Two Draws are done -- One for the Cumulus X AIO and a second for the two 50ml juices. 

I am using a web tool for the draw
https://www.miniwebtool.com/random-name-picker/

Reactions: Winner 6


----------



## HPBotha (18/7/19)

FIRST PRIZE:




*Congrats @jtgrey !!!!*​

Reactions: Winner 5 | Thanks 1


----------



## HPBotha (18/7/19)

SECOND PRIZE:




*Congrats @CMMACKEM !!!!*​

Reactions: Winner 6


----------



## Dela Rey Steyn (18/7/19)

Awwwwh , lost out again! Congrats to the two winners: @jtgrey and @CMMACKEM, enjoy gents!

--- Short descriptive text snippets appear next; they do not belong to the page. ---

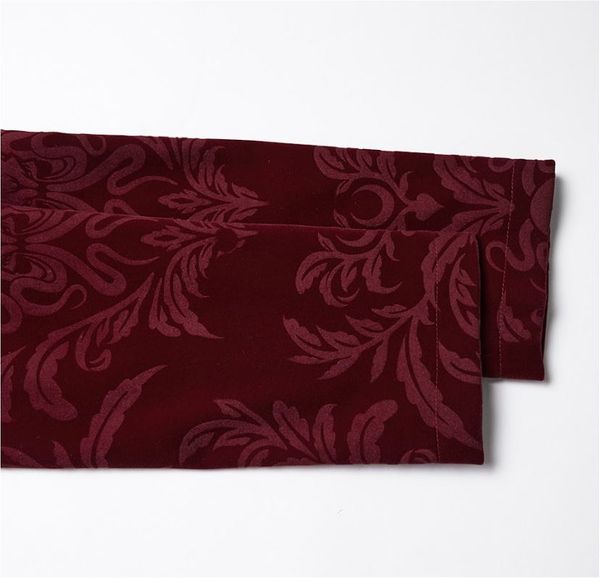 Goth vintage print coat rood - Babashope - 9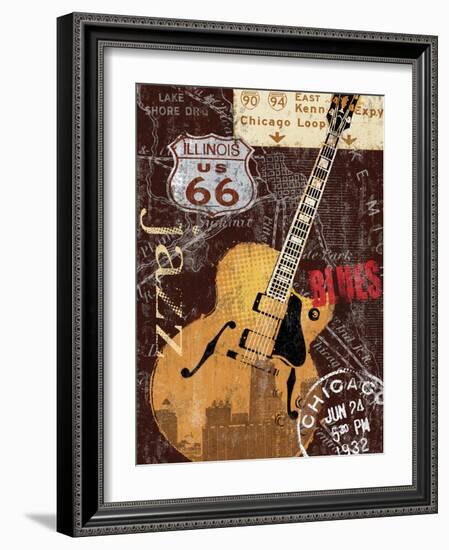 Chi-town-Keith Mallett-Framed Art Print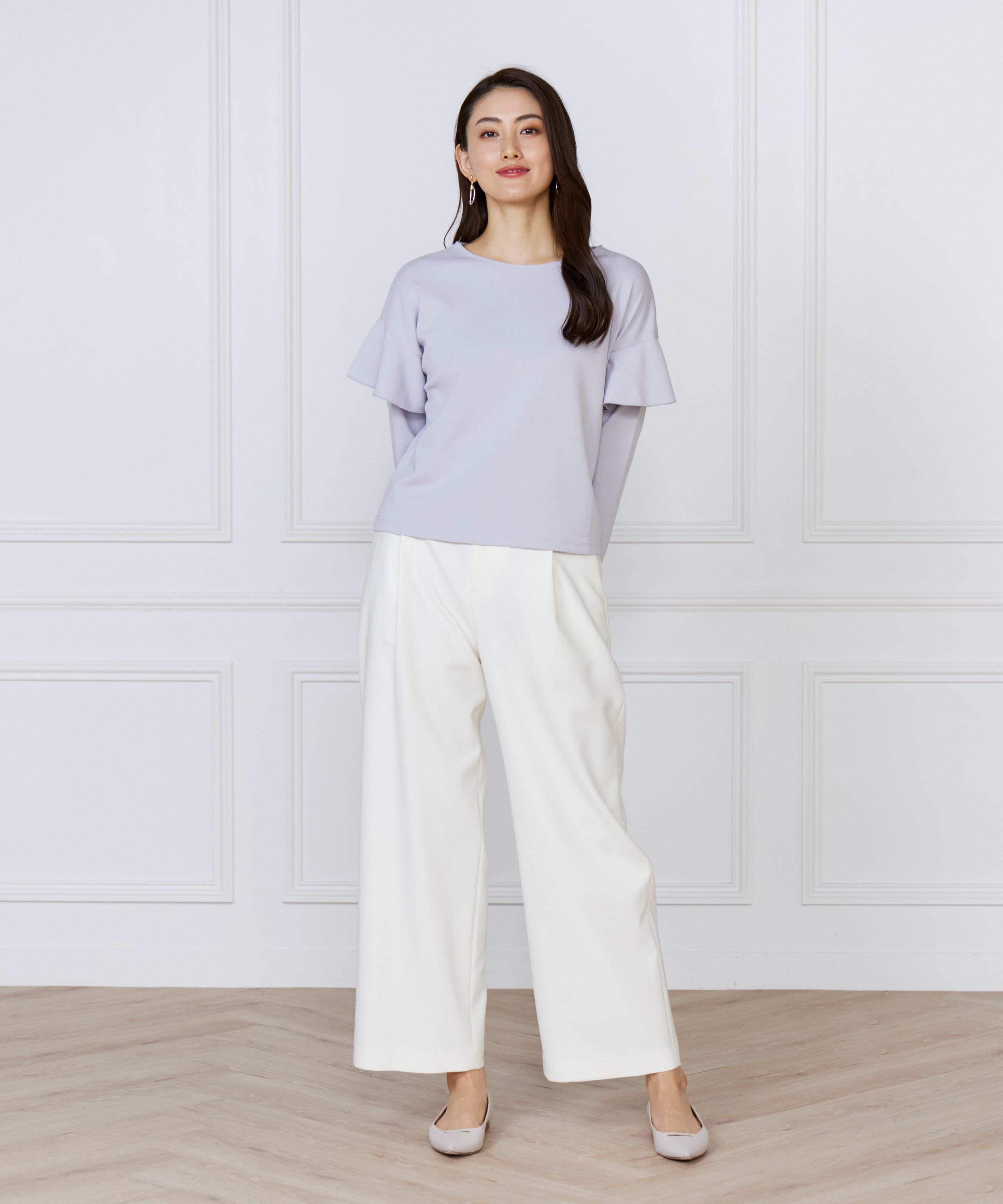 7-IDconcept.「肩フレアプルオーバー」|シャツ・ブラウス|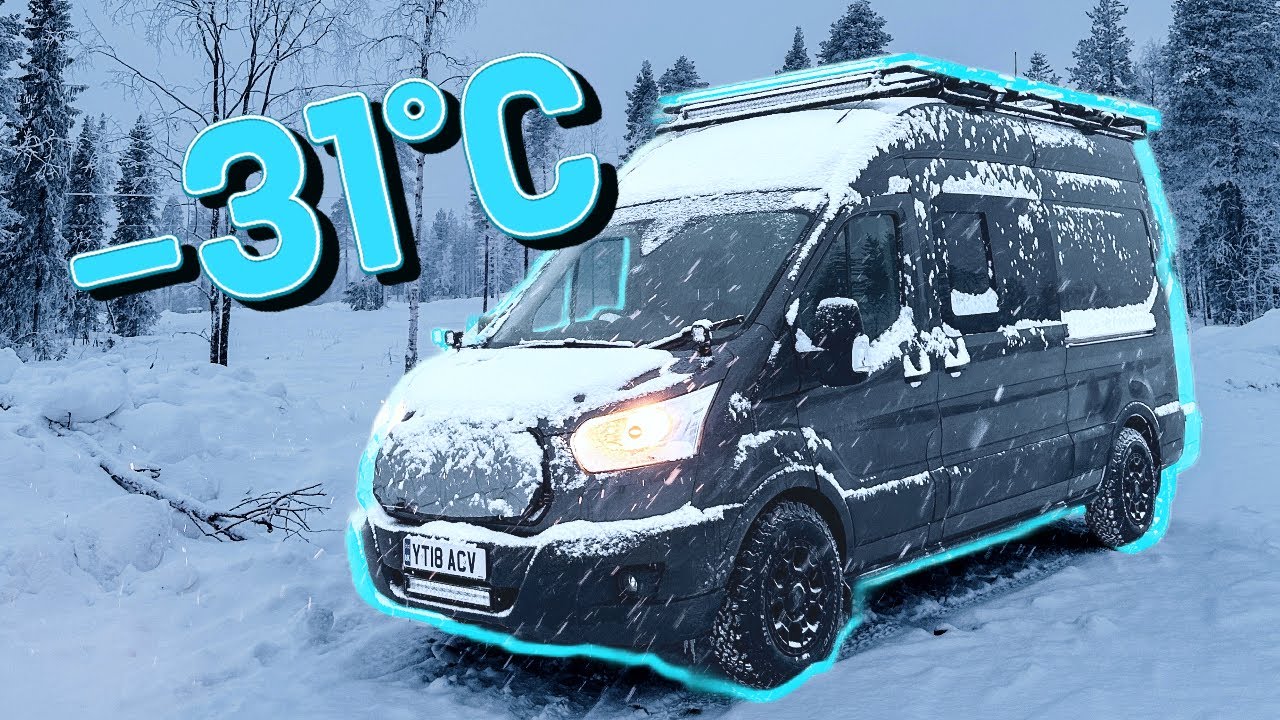 VANLIFE в экстремальном холоде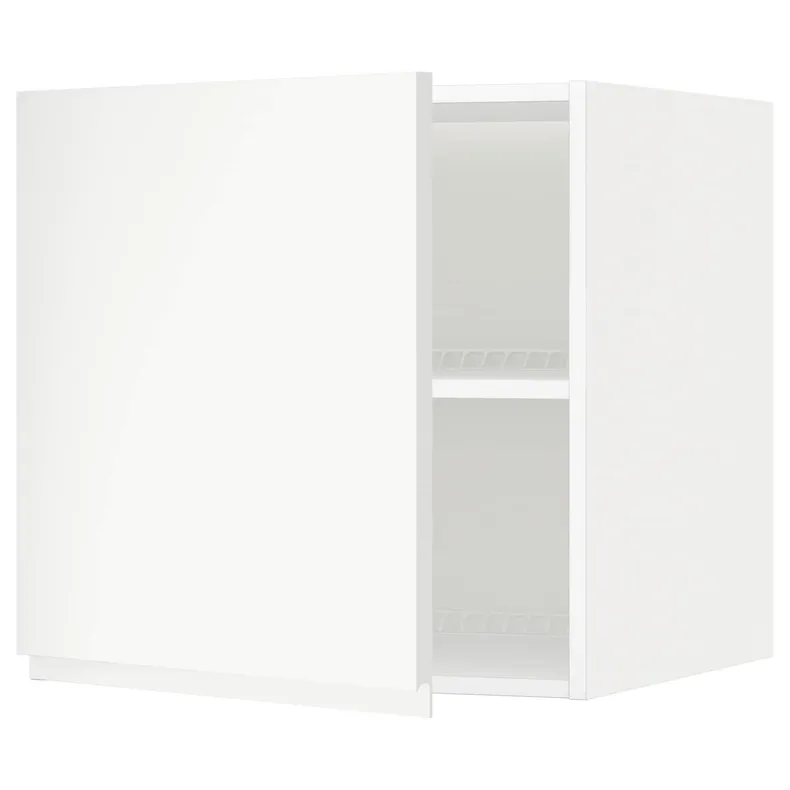 IKEA METOD МЕТОД, верхня шафа для холодильн / мороз кам, білий / Voxtorp матовий білий, 60x60 см 094.669.09 фото №1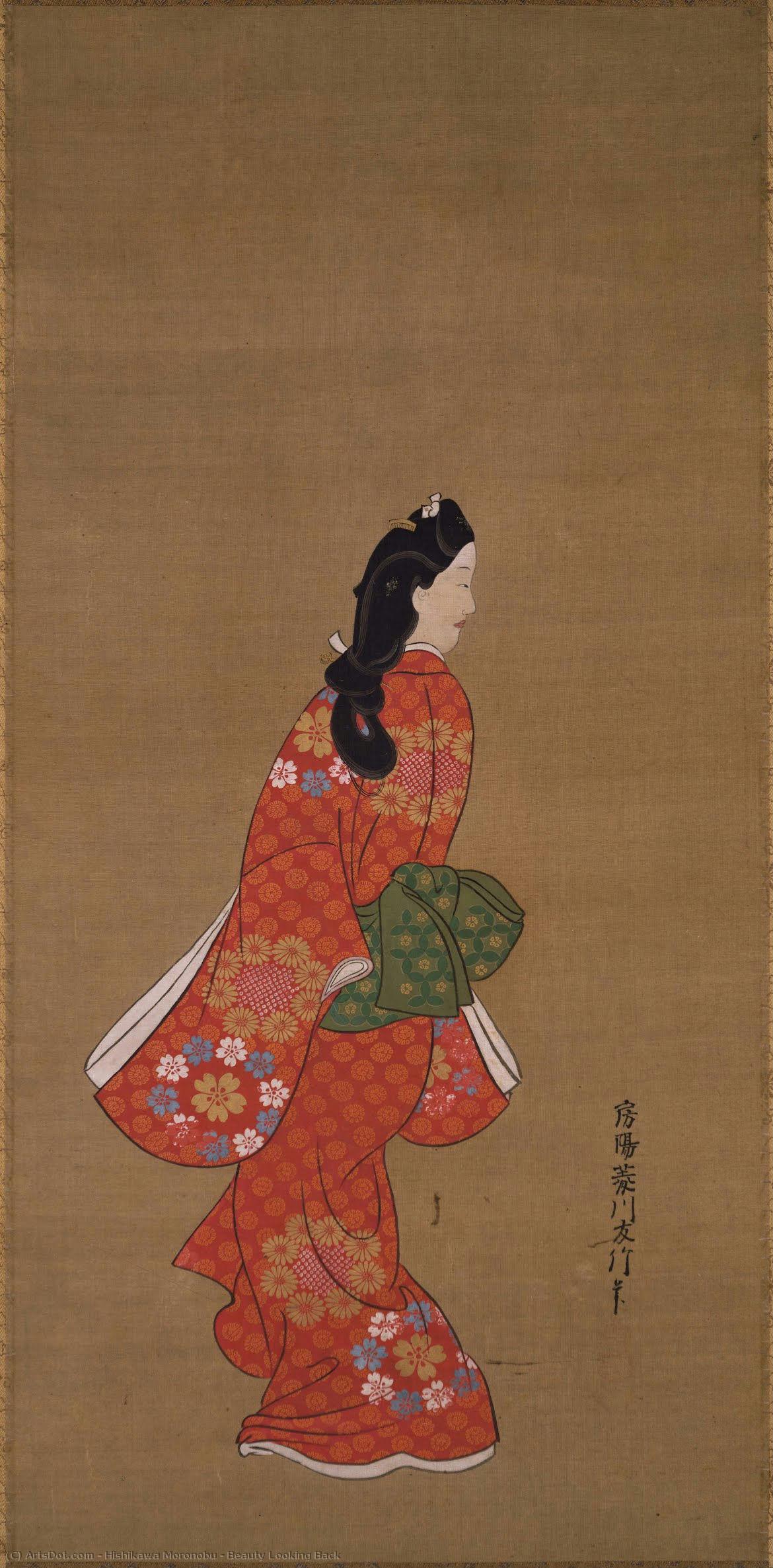 Beauty Looking Back — Hishikawa Moronobu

Thanks for the comp @Twisp @Mic Lazzari and @HPBotha !

Reactions: Like 3


----------



## MrGSmokeFree (18/7/19)

Congrats to the winners @jtgrey and @CMMACKEM and a big thank you for a great competition @HPBotha

Reactions: Like 4


----------



## Grand Guru (18/7/19)

Congrats to the winners!

Reactions: Like 4


----------



## jtgrey (18/7/19)

Wow, first time in my life that i win something, thank you very much @HPBotha

Reactions: Like 1 | Winner 8 | Funny 1


----------



## lesvaches (18/7/19)

Congratulations @jtgrey @CMMACKEM
Thank you for the Competition, great idea.

Reactions: Like 3 | Winner 1


----------



## Jengz (18/7/19)

Congrats guys! Thanks @HPBotha for the comp!

Reactions: Like 4 | Winner 1


----------



## Resistance (18/7/19)

@jtgrey and @CMMACKEM, enjoy guys!
@Twisp @Mic Lazzari [USER=758]@HPBotha
thanks for the fun comp.[/USER]

Reactions: Like 4


----------



## Lawrence A (18/7/19)

Congrats to the winners!

Reactions: Like 2


----------



## Clouds4Days (18/7/19)

Nice one guys ( @jtgrey and @CMMACKEM ) enjoy.
Thanks @HPBotha for a great comp.

Reactions: Like 3


----------



## StompieZA (19/7/19)

Congrats guys!!

Reactions: Like 2


----------



## KarlDP (19/7/19)

Congrats to the winners.  It is an awesome device believe me..

Reactions: Like 5


----------